Tal vez el verdadero “nunca más” debería ser: nunca más creeré que la transformación es un evento único, que puede ser decretado mediante fuerza de voluntad en un momento dramático. Nunca más confundiré intensidad emocional con profundidad de cambio. Nunca más esperaré que fechas en el calendario hagan por mí el trabajo que solo la investigación paciente y la reorganización estructural pueden realizar. Nunca más intentaré acallar al niño que vive en mí en lugar de escucharlo.
Sin embargo, incluso este “nunca más” sería, irónicamente, solo otra promesa. Porque la tentación del decreto dramático, de la transformación instantánea, de la redención mediante fuerza de voluntad, está profundamente arraigada en cómo fuimos condicionados a pensar sobre el cambio, sobre el tiempo, sobre quiénes somos y quiénes podríamos ser.
La cuestión, por tanto, no es si haremos promesas de cambio en esta víspera de año nuevo —las haremos, porque somos humanos y la esperanza es tanto nuestra gracia como nuestra maldición. La cuestión es si tendremos la valentía intelectual de reconocer esas promesas por lo que realmente son: síntomas de dolor, gestos de esperanza, intentos comprensibles pero fundamentalmente inadecuados de lidiar con la complejidad recursiva de la conciencia humana.

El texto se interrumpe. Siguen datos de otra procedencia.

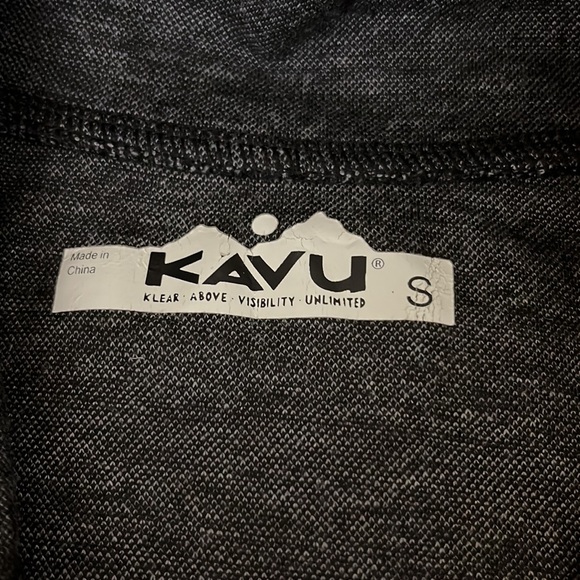 KAVU Button Neck Pullover Sweater - Picture 7 of 10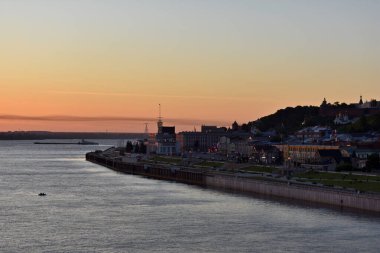 Volga Nehri 'nde şafak vakti. Nizhny Novgorod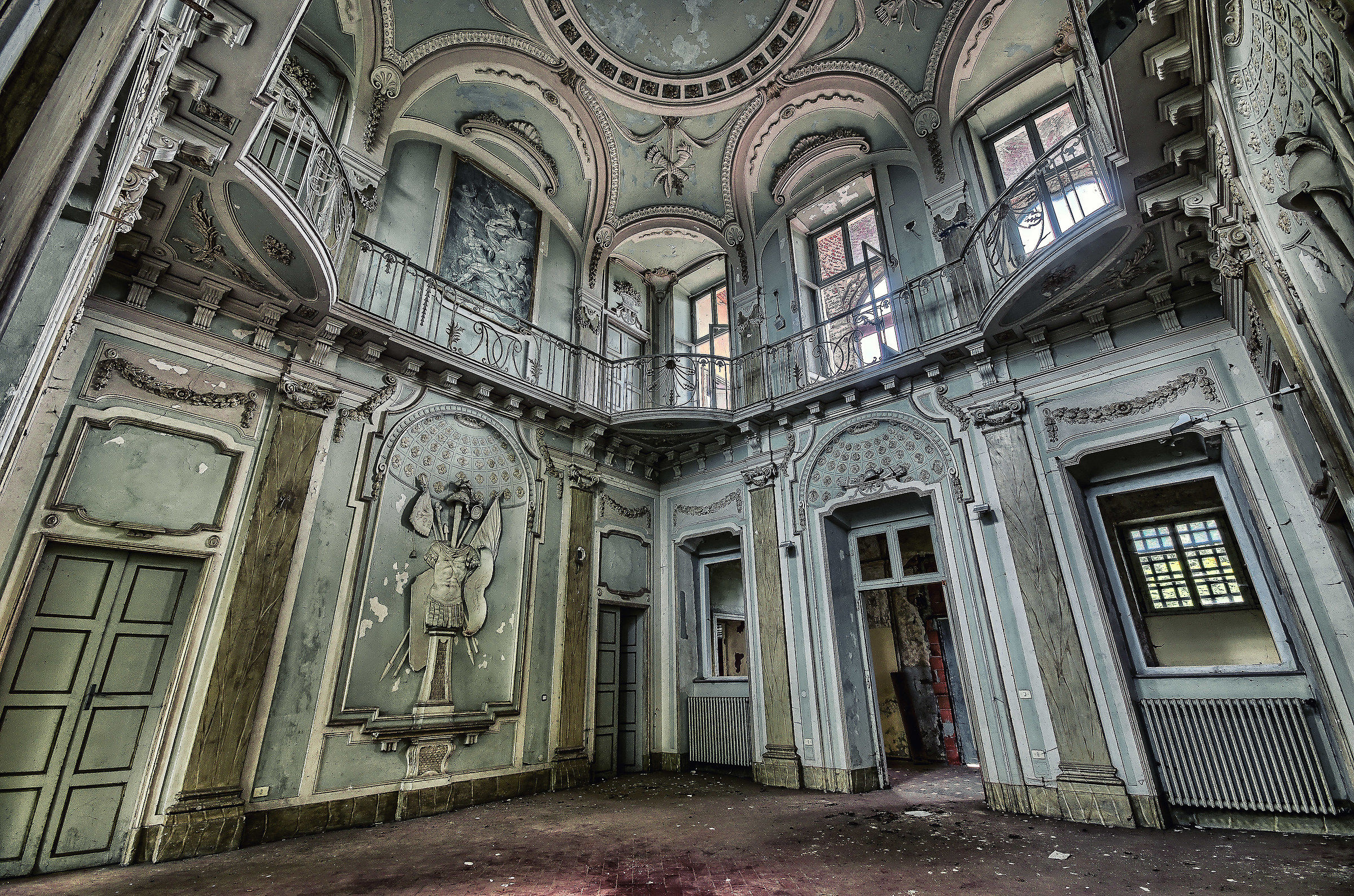 Villa R ... In the most 'beautiful, between the abandone...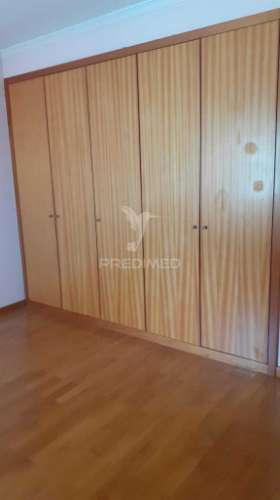 Moradia t4 com três frentes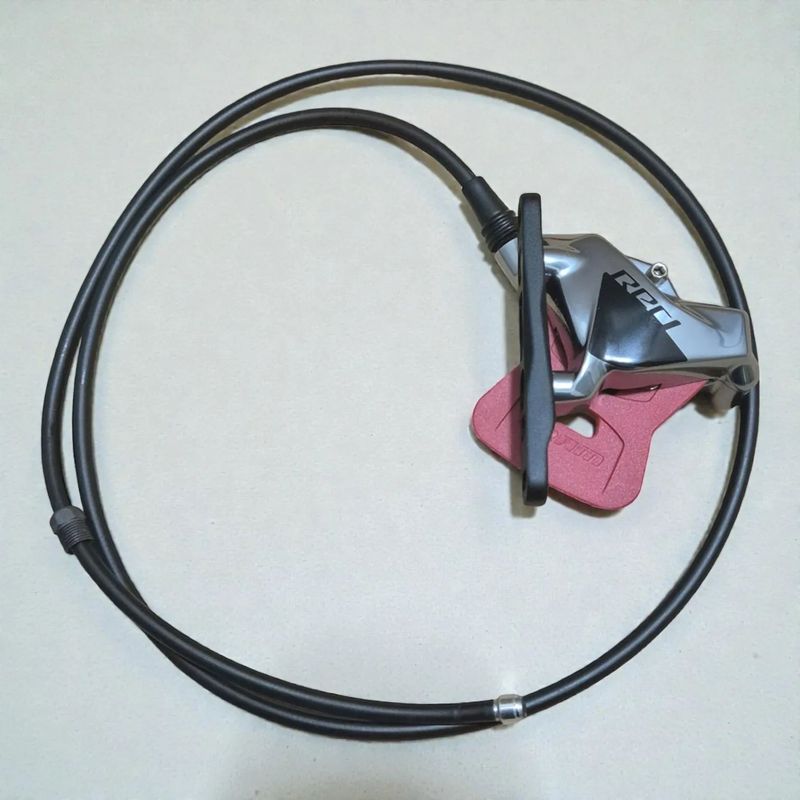 Nový SRAM RED AXS Brzdový Třmen (Flat Mount) – Kompletní Set ⚡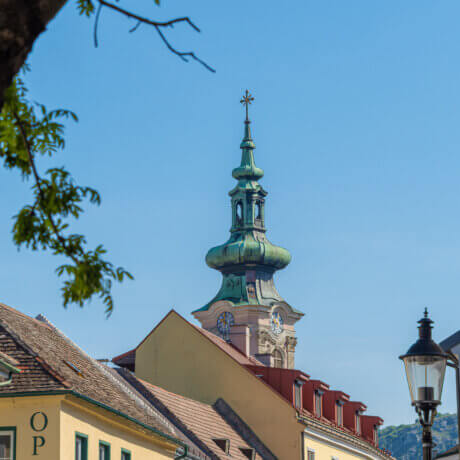 Kirchturm in Hainburg an der Donau.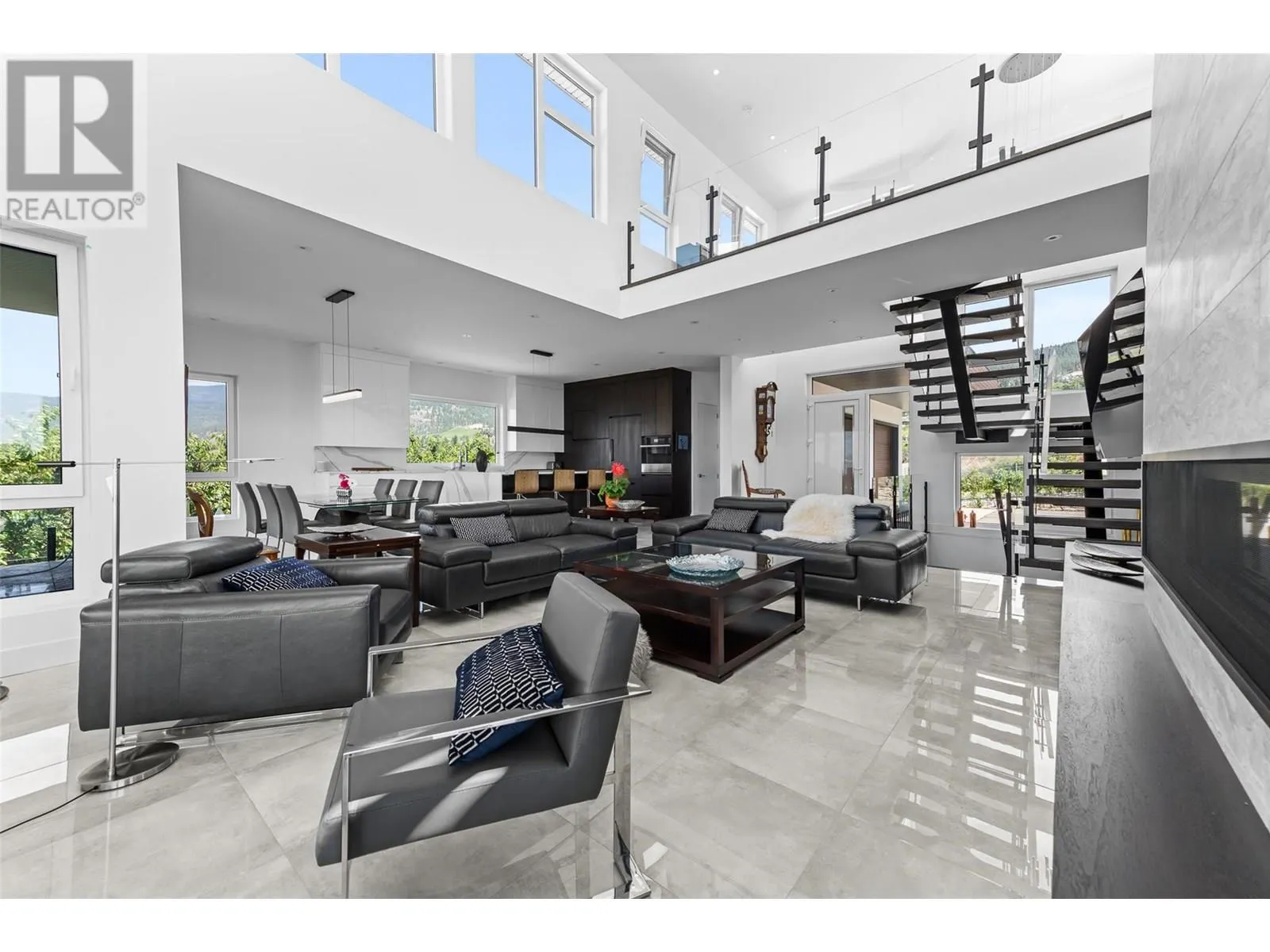 2805 Aikins Loop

La transformación verdadera no comienza con “nunca más”. Comienza cuando abandonamos la seducción del drama en favor de la paciencia de la construcción. Cuando cambiamos la fantasía de redención instantánea por la realidad de evolución gradual. Cuando desarrollamos suficiente valentía para mirar al niño asustado que aún vive en nosotros y decirle: “Te veo. Entiendo por qué hiciste lo que hiciste. Y ahora vamos a encontrar formas mejores, juntos”.
No a través de decretos emocionales hechos en momentos de crisis. Sino a través de investigación paciente, reorganización estructural y aceptación de que el cambio real es frecuentemente tan poco interesante como efectivo. Es trabajo silencioso, incremental, carente de momentos cinematográficos —pero es el único que reconstruye, de hecho, la arquitectura de lo que somos.
El “nunca más” continuará existiendo. La diferencia está en reconocerlo como punto de partida para una investigación real, no como destino final de transformación imaginaria.
Y tal vez sea esto lo que estas líneas intentan decir:
Nunca Más
Entre los fragmentos del ayer,
el niño aún susurra.
No lo calles, no lo ignores —
él guarda las llaves de tu mañana.
Cada gesto de cuidado,
cada mirada que escucha,
no es redención instantánea,
sino arquitectura de libertad.
Y así, paso a paso,
la vida se reconstruye —
no en promesas de acero,
sino en la paciencia del abrazo
que nos damos a nosotros mismos.
(Marcello de Souza)
La víspera de año nuevo no carga magia. Pero carga posibilidad —no de transformación instantánea, sino de comenzar, por primera vez, a construir sistemas reales de cambio. No prometiendo “nunca más”. Sino preguntando, con curiosidad genuina: “¿Qué sostiene esto? ¿Y qué puedo hacer, gradualmente, para reorganizar esta estructura?”
La respuesta no vendrá en una noche. Pero vendrá, si tienes suficiente paciencia para construirla.